Exercise prompt
From the data, copy out every line in which the word "with" appears.

(Stored dataset items)
☆ ☆ ☆ ☆ ☆ ☆ ☆

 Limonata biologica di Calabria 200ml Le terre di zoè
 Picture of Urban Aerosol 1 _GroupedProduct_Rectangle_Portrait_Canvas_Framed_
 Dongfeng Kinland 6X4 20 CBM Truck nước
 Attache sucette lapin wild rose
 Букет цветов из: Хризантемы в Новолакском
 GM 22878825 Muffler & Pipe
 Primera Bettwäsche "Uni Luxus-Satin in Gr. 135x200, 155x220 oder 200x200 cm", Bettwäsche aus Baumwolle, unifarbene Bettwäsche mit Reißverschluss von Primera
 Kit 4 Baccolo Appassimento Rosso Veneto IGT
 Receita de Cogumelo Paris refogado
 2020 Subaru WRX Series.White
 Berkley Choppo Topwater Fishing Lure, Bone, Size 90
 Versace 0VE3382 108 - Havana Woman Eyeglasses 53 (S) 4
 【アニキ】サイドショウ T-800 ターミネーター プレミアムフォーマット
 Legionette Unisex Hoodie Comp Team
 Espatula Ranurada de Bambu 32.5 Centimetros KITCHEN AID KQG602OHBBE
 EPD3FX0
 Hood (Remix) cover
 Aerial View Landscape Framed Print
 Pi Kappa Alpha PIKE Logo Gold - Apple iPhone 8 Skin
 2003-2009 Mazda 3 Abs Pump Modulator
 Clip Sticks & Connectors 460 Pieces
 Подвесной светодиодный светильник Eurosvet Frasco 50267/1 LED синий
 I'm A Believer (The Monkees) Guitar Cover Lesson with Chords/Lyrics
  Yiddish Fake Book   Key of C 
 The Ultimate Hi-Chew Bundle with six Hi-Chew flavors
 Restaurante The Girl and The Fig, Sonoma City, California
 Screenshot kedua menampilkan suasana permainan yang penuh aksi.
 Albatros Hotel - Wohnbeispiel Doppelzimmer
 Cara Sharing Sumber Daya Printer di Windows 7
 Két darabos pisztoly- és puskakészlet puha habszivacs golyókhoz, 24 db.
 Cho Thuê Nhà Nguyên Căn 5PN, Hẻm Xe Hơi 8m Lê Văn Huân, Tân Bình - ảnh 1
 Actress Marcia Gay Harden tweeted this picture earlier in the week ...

☆ ☆ ☆ ☆ ☆ ☆ ☆

Written reply
 I'm A Believer (The Monkees) Guitar Cover Lesson with Chords/Lyrics
 The Ultimate Hi-Chew Bundle with six Hi-Chew flavors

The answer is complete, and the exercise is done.